When planting trees or any form of landscape work, the slowness-of-time has to be taken into consideration when trying to visualise how things might look in the future. And doubly so at Windgrove where minimal rainfall and salty air from the ocean slow things down even more.

Nine years ago the area now called the Peace Bus back yard was just beginning to take shape. Three of the raised containers for the veggie patch, as seen in the above photo, are about to have top soil put into them. Two covered domes have blueberry bushes. A circular area (middle right) outlined by sagg grasses has a fire pit covered with a galvanised lid.
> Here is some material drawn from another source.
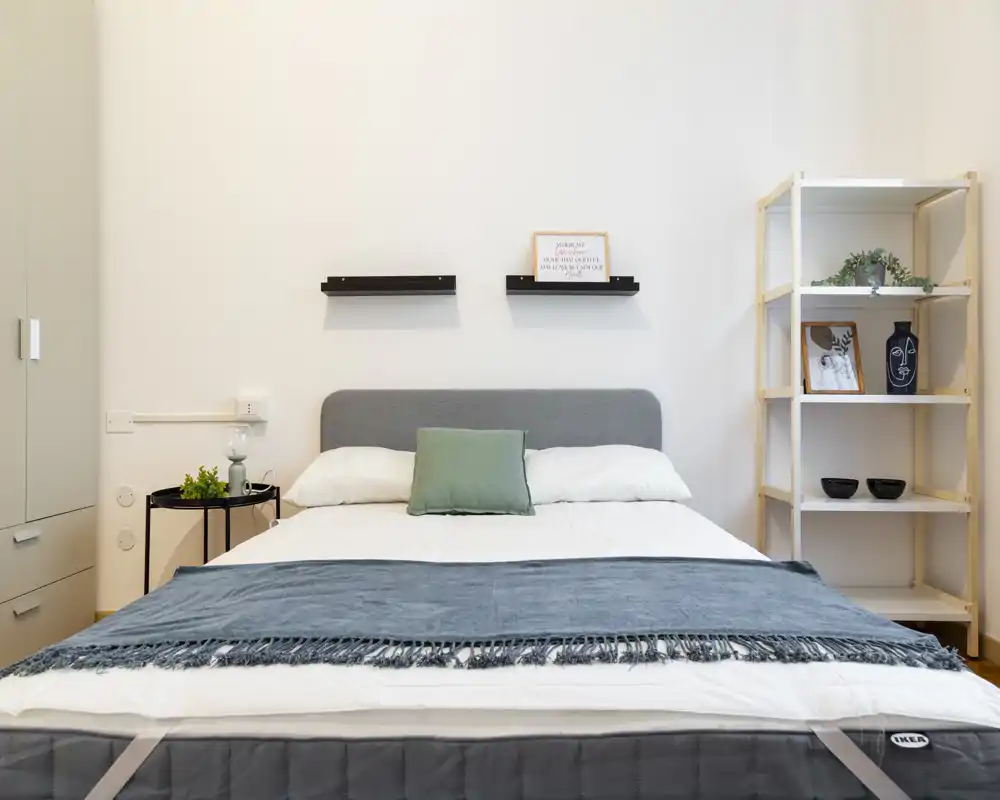 Dormitorio luminoso y minimalista con cama doble centrada, manta decorativa y cojín verde; estanterías sencillas y mesita completan el aspecto moderno y limpio.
Today the veggie patch is totally enclosed and houses 22 raised container beds for a multitude of veggies to grow free from the ravenous possums. Inside this enclosure are two apple trees, a lemon tree and a lime tree. The blueberry domes still contain blueberry bushes, but the area around each dome has been sort of prettified with native flowering, bird attracting bushes.

Where the fire pit once was stands one of five decorative pear trees that have been planted out to give me — a Michigan boy — an opportunity to witness the budding of spring growth and the coming of autumn colours as associated with deciduous trees.

Whether morning, noon or night, there is something mightily delicious in sitting within the confines of the Peace Bus back yard and savouring the fruits of one’s efforts.